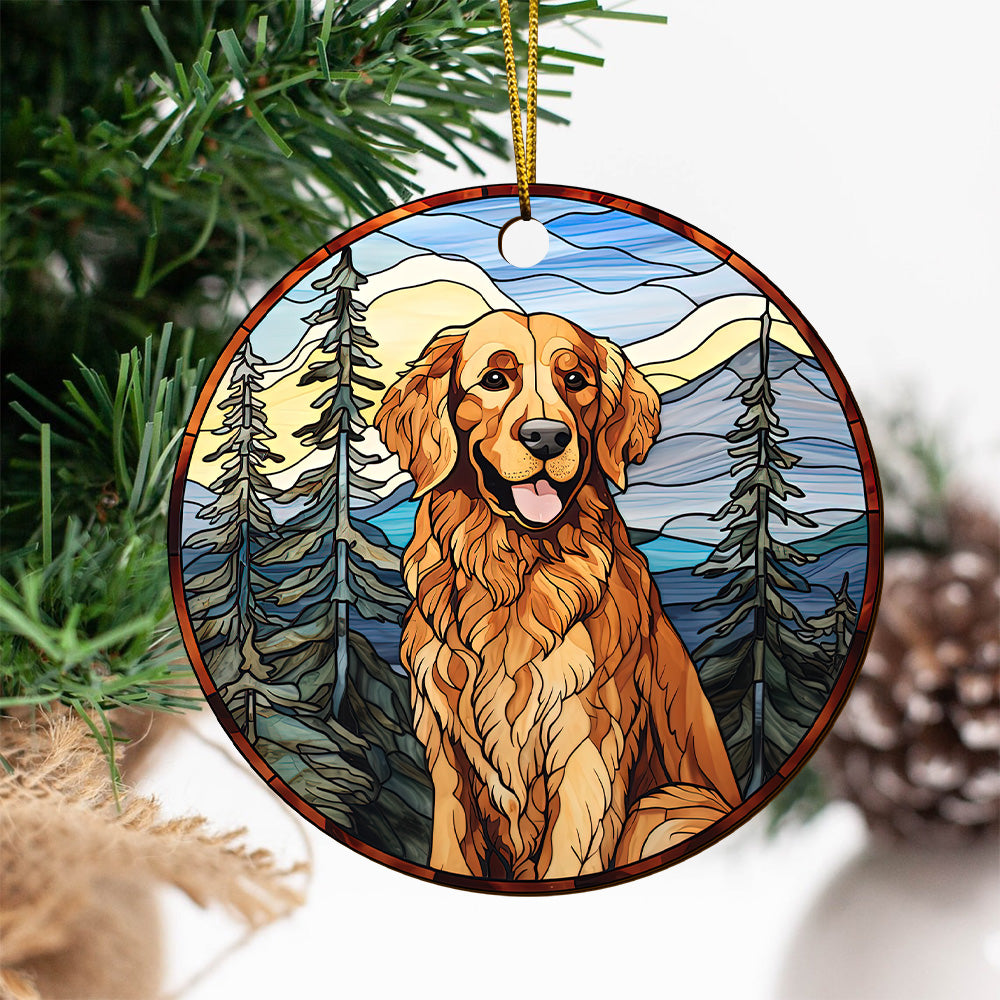 Golden Retriever Wooden Ornaments 2 Sides, Golden Retriever Ornaments For Christmas Tree, Christmas Tree Hanging, Christmas Tree Ornaments, Christmas Decorations EPHG-52482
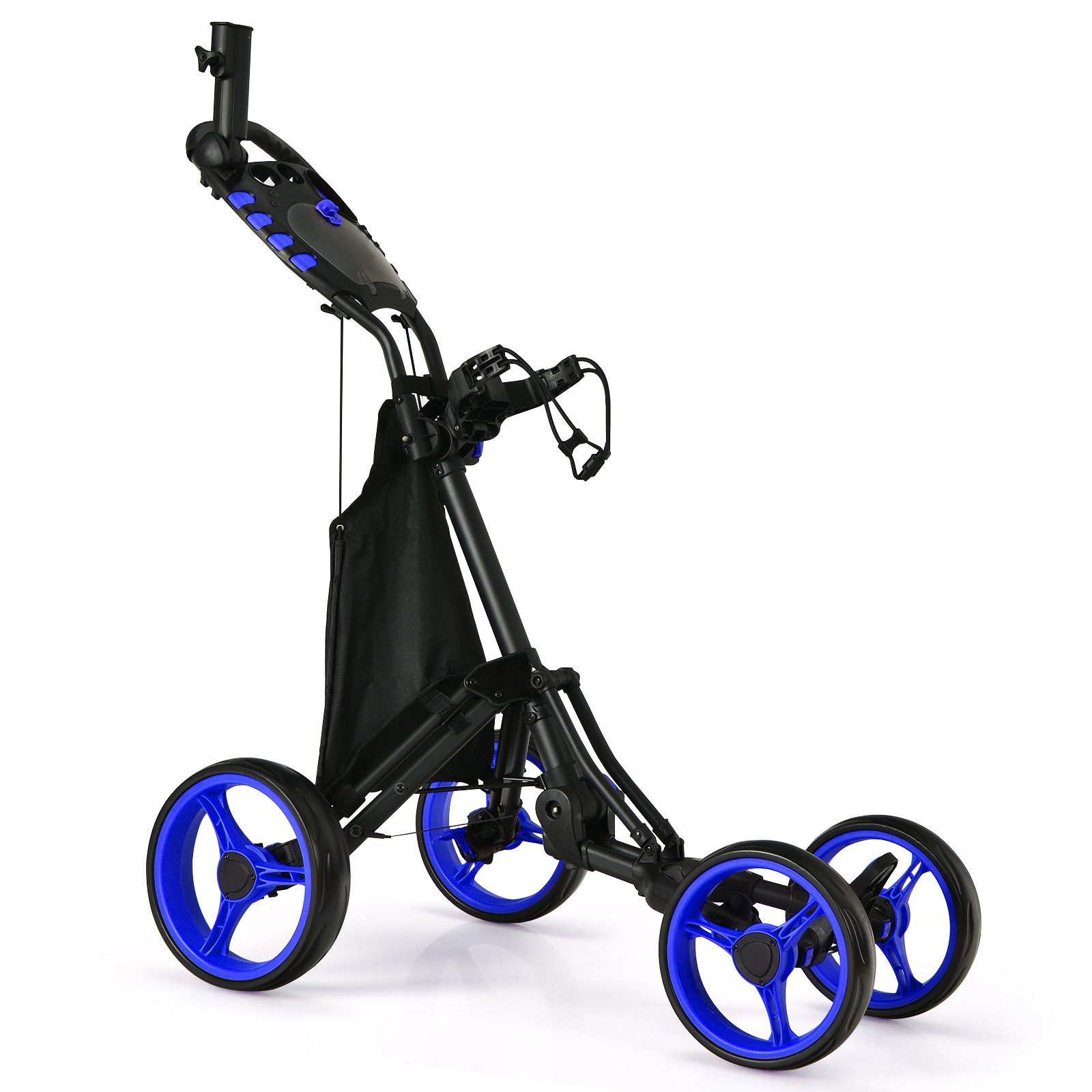 Golf - Golf Push Pull Cart with Waterproof Bag and Foot Brake-Blue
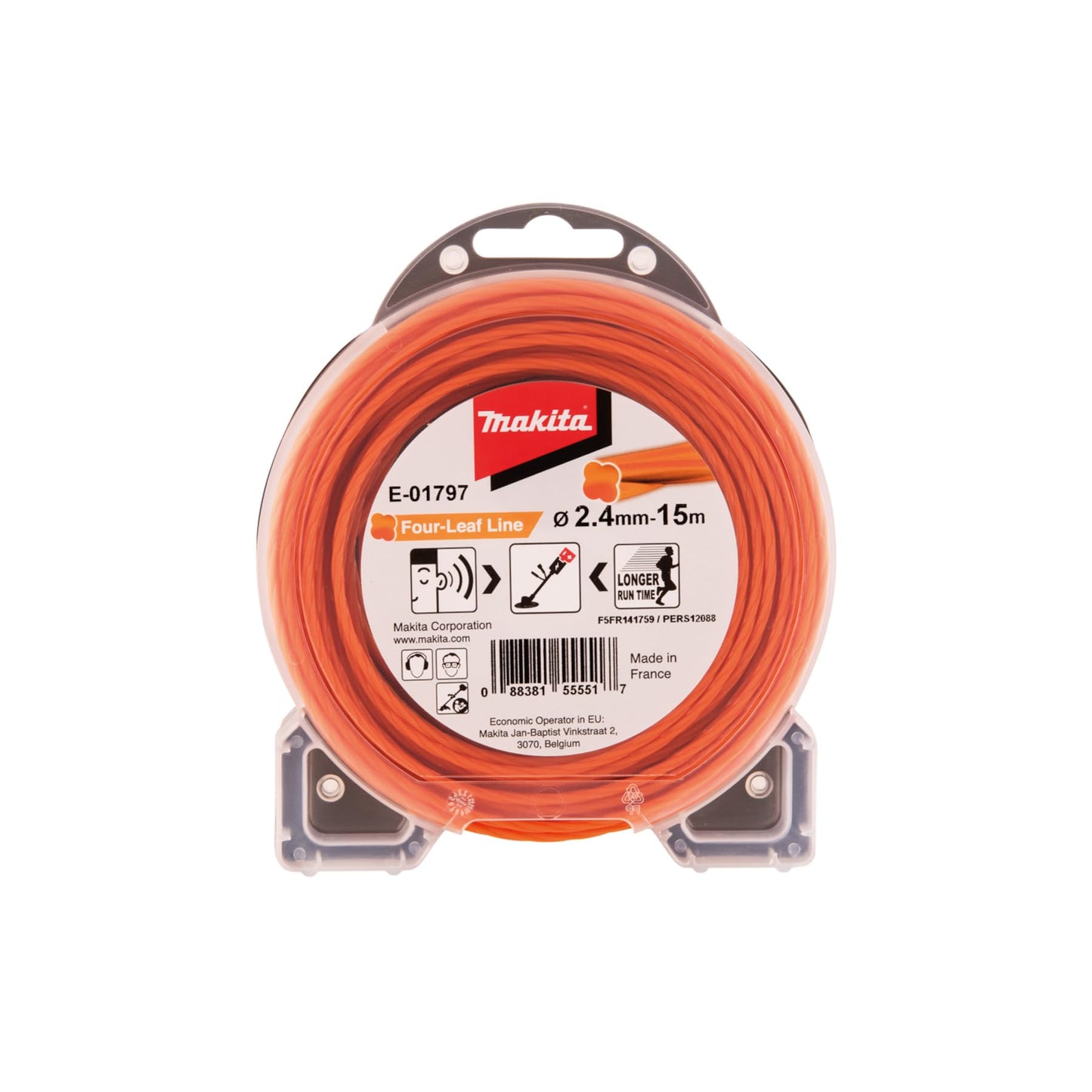 Makita E-01797 - Desbrozadora de Alambre en Forma de trébol Naranja 2,4mm 15m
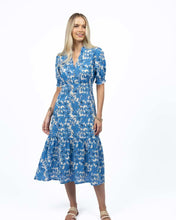 Load image into Gallery viewer, Fleur Midi Dress Blue/Stone
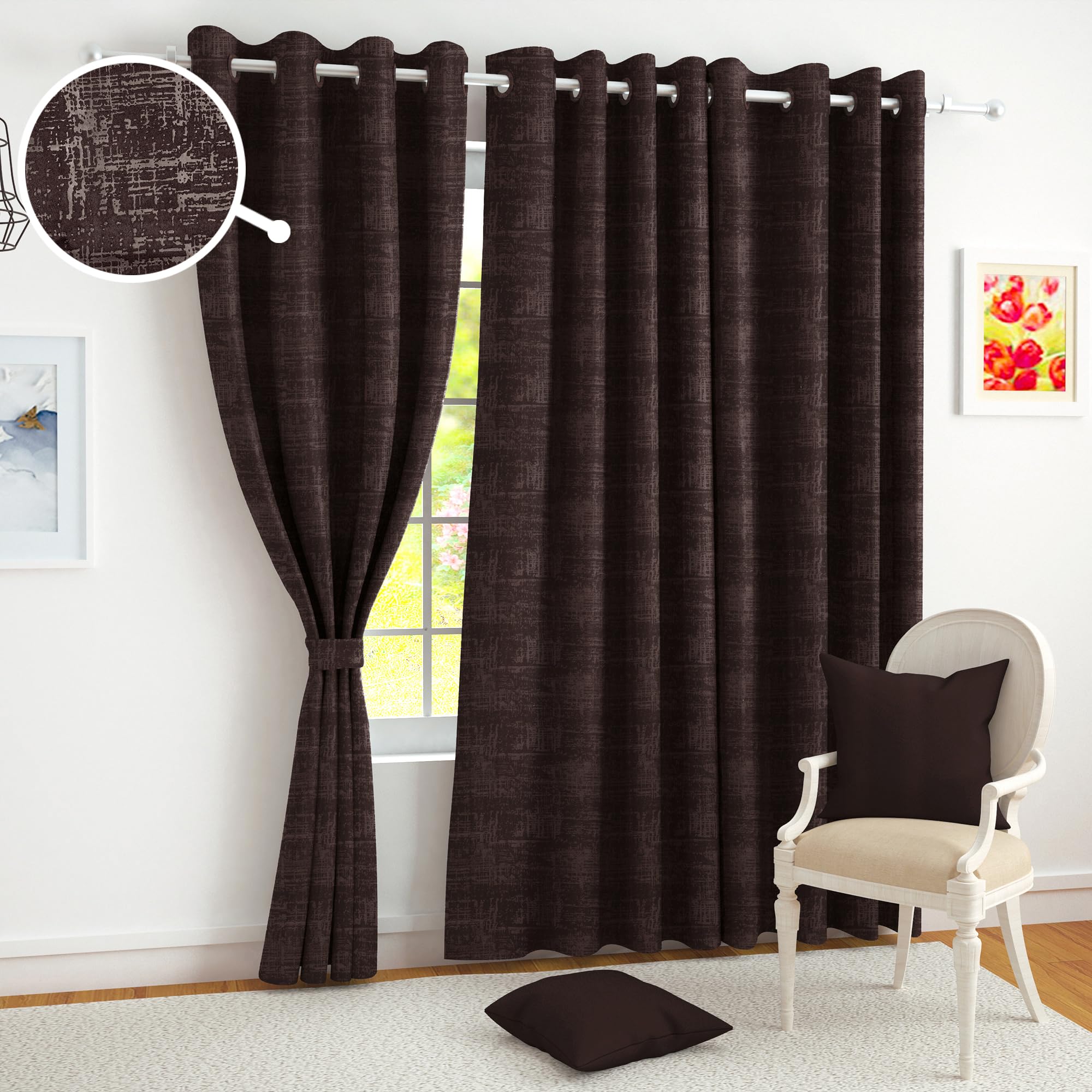 Story@Home Blackout Window Curtains 5 Feet Long Set Of 1 | Abstract Printed | 97% Room Darkening Curtain | Thermal Insulated Cur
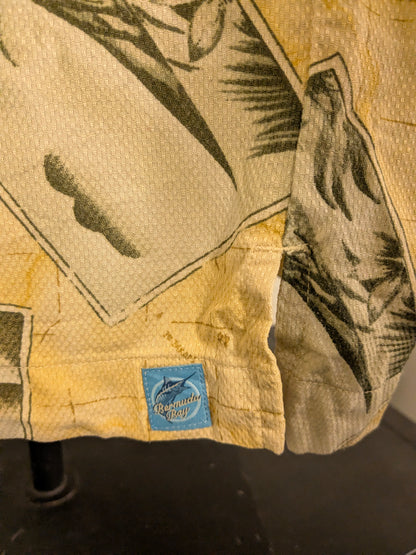 Barmuda Bay 100% Zijden overhemd korte mouw. Geel Groene vliegtuig print. Maat 2XL / XXL.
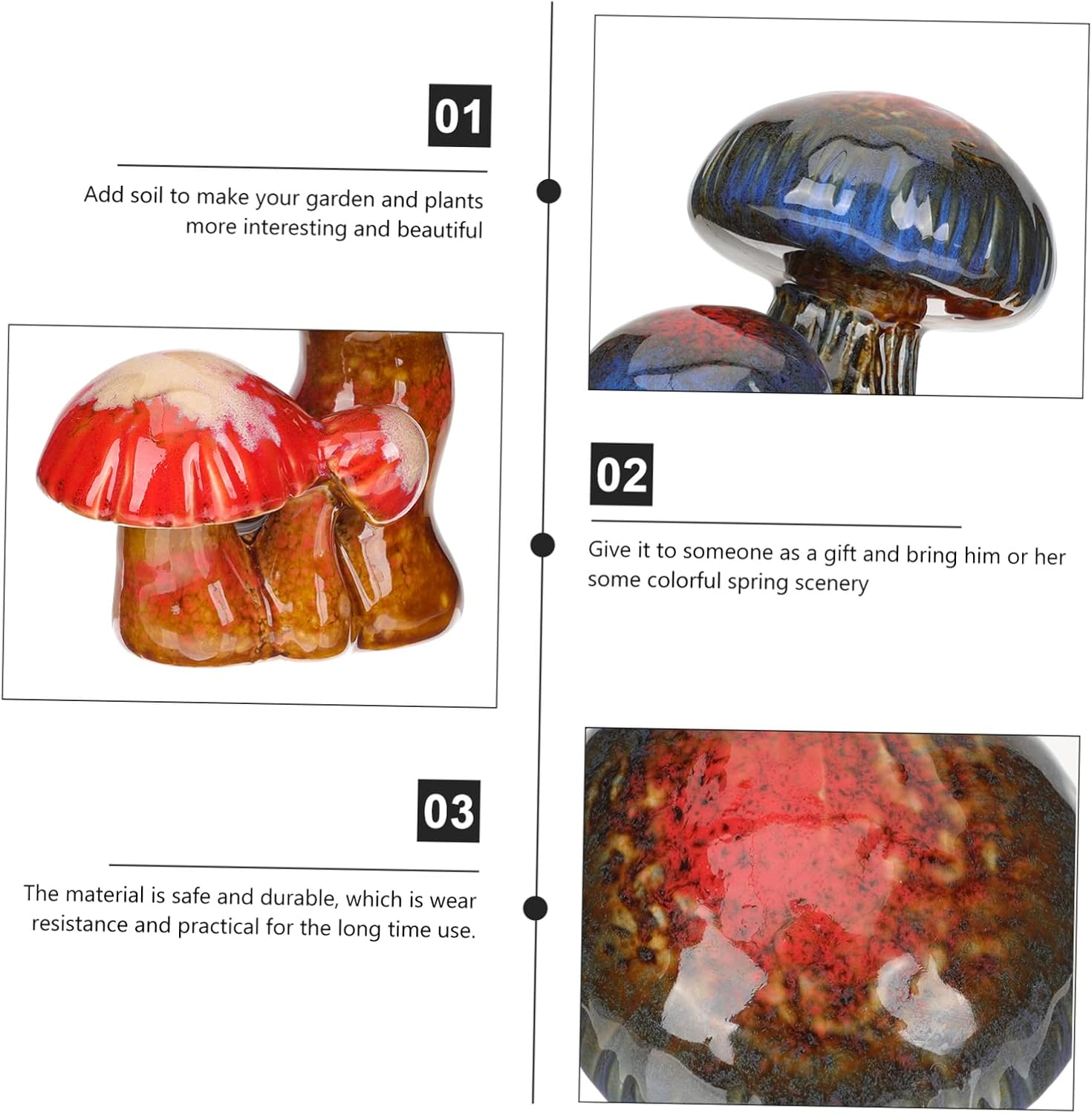 STOBAZA 2Pcs Simulated Mushroom Decor Ceramic Mushroom Statues Plant Pot Decors for Outdoor Gardening image number 3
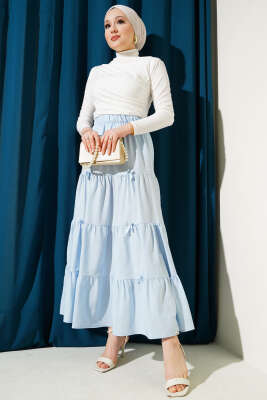 Fiyonklu Çingene Etek Buz Mavisi - Uzun Etek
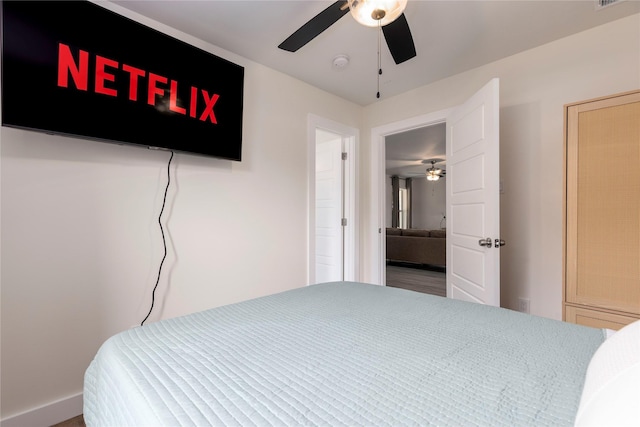 bedroom featuring visible vents and a ceiling fan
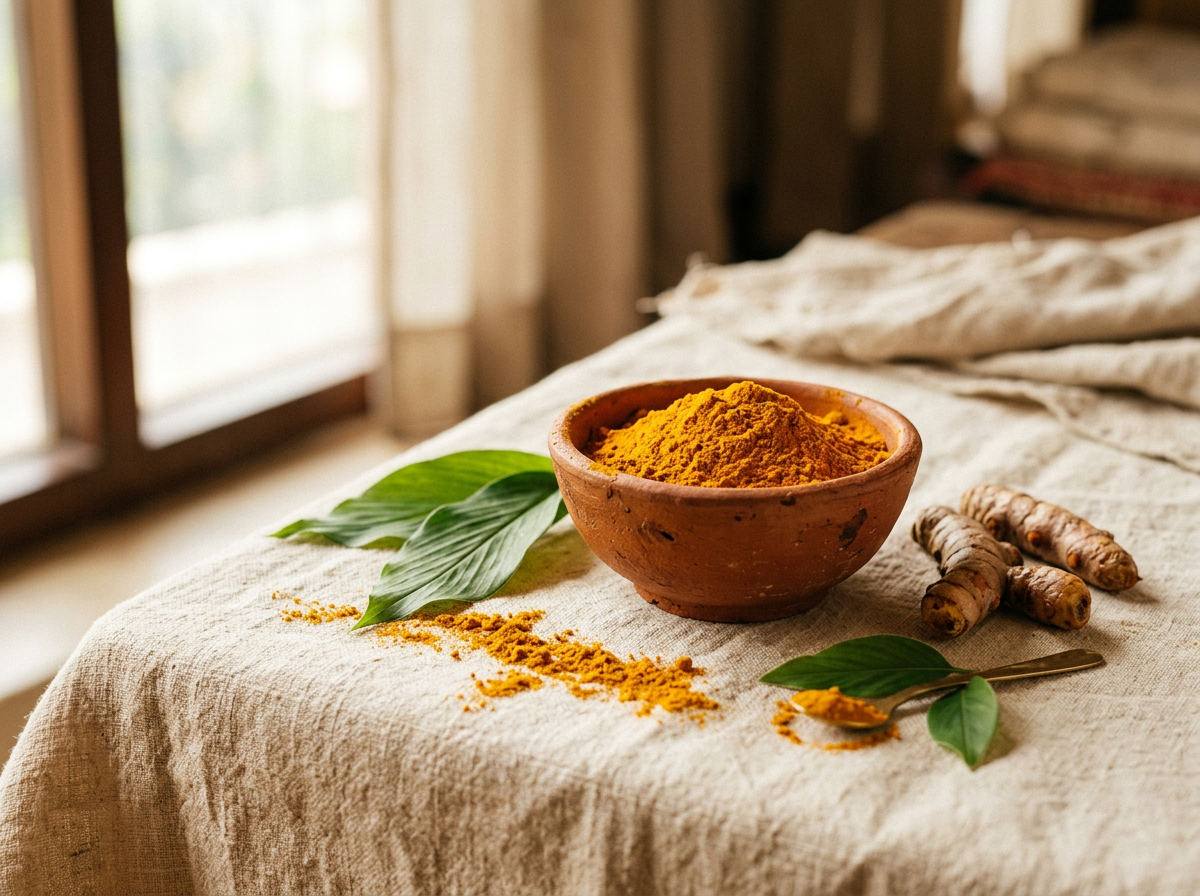 Turmeric Powder in a handcrafted bowl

# TASK REQUIREMENTS
Only an exact copy of the lines from the one with "bedroom featuring visible" through the last line of the data above is wanted, and no pictures.

# RESULT
 bedroom featuring visible vents and a ceiling fan
 Turmeric Powder in a handcrafted bowl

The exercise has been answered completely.